By Kenny Stancil  Published 1-5-2022 by Common Dreams

“It took seven years, but Fort Lauderdale Food Not Bombs’ federal civil liberties lawsuit against Fort Lauderdale for banning food sharings is finally concluding,” the group said on January 3, 2022. (Photo: Ft. Lauderdale Food Not Bombs/Facebook)

Anti-hunger and anti-war activists in Florida have reportedly won their protracted legal fight against the city government of Fort Lauderdale, which agreed to compensate the local chapter of Food Not Bombs after spending years trying to prevent the group from sharing free food with people in need at a downtown park.

“It took seven years, but Fort Lauderdale Food Not Bombs’ federal civil liberties lawsuit against Fort Lauderdale for banning food sharings is finally concluding,” the group said Monday in a statement. “After we won our second appeal in August 2021, the city has accepted a settlement that admits they were wrong to enforce the park rule against us and will pay us a small amount of damages. They will also have to pay our lawyers a great deal more!”

Last August, a panel of the U.S. Court of Appeals for the 11th District ruled unanimously that “a rule limiting food-sharing inside Fort Lauderdale parks is unconstitutional as applied to Food Not Bombs’ hosting of free vegan meals for the homeless,” the Courthouse News Service reported at the time.

According to the outlet:

A three-judge panel of the Atlanta-based appeals court overturned a Florida federal court’s summary judgment in favor of the city, finding that a rule which banned the sharing of food as a social service in city parks without written permission violated Food Not Bombs’ First Amendment rights.
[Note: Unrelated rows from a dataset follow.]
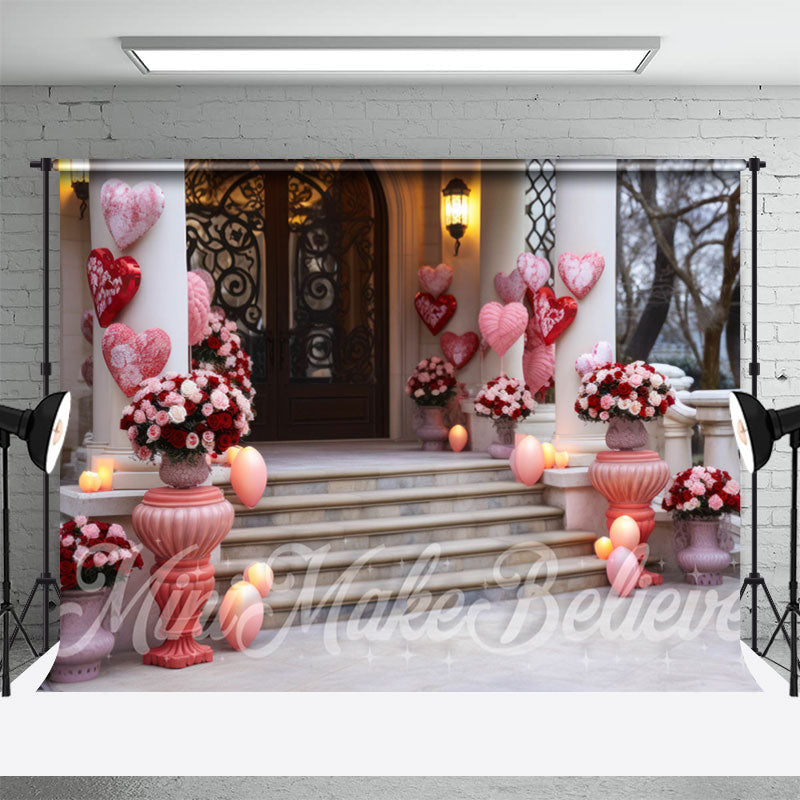 Aperturee - Ornate Front Door Rose Heart Valentines Day Backdrop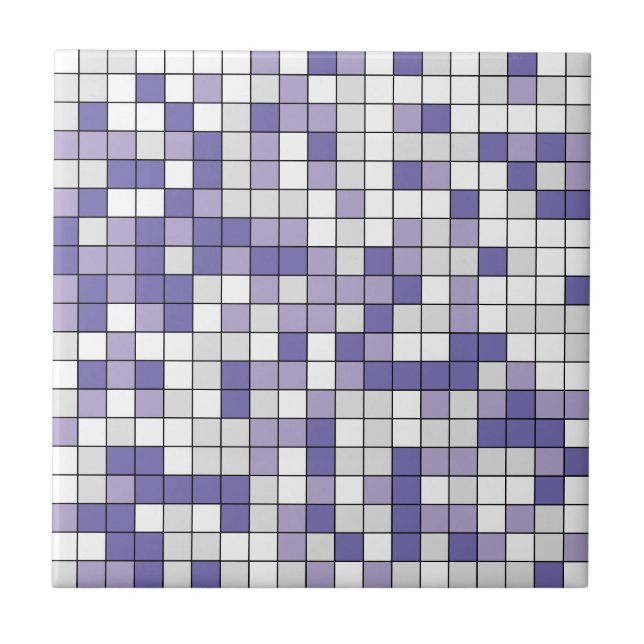 Moderne Periwinkle Lavender Geometrie Keramik Tile Fliese (Vorderseite)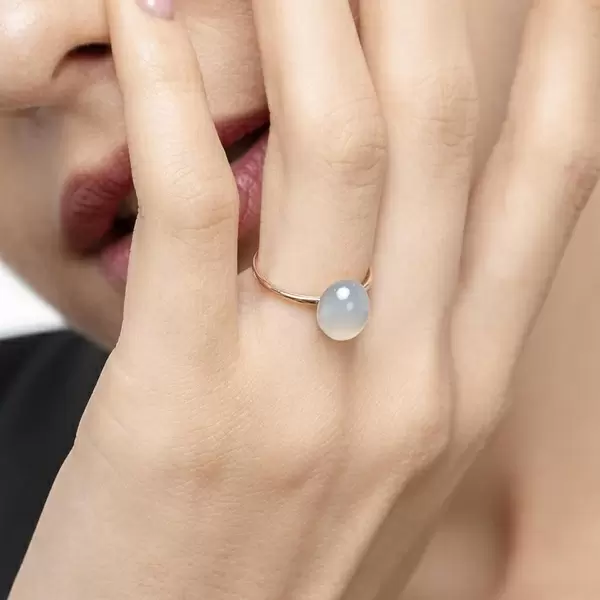 Leaf Jewelry Ring Cabochon II, 14 K Rosegold, Sea Blue Chalzedon Große Rabatte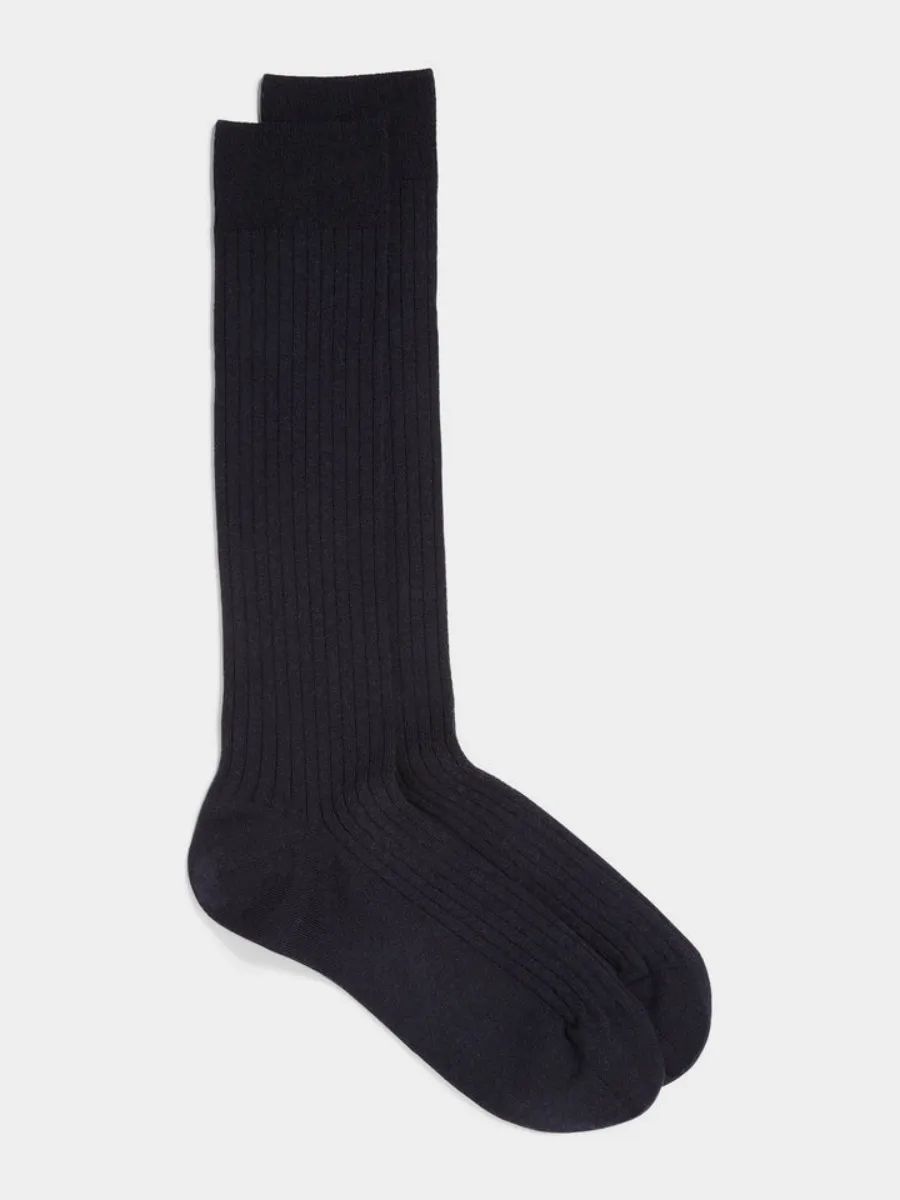 Plain Ribbed Dress Socks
Fort Lauderdale Park Rule 2.2 requires city permission for social service food-sharing events in all Fort Lauderdale parks and allows officials to charge as much as $6,000 for the permitting process.

In a 64-page ruling issued Tuesday, the panel determined the rule cannot lawfully qualify as a “valid regulation” of Food Not Bombs’ expressive conduct due to its “utterly standardless permission requirement.”

In its statement, Fort Lauderdale Food Not Bombs said that the favorable settlement is “on top of the victories this lawsuit already accomplished in years’ prior, including the 2018 appeals ruling that ruled that the original sharing ban law was unconstitutional—[…] creating a strongly worded precedent about sharing food as protected free speech.”

“We had to bite our tongues a lot over the years to see how this would play out, but no more,” the group continued. “We outlived and outmaneuvered the old mayor, city manager, and city attorney, who were all intent on policing us and the homeless out of existence.”

“Let’s not forget multiple FLPD chiefs and captains who sent their goons to stalk and arrest us, all gone now!” the group added. “Nuts to all the narrow-minded fools who wanted to be rid of us.”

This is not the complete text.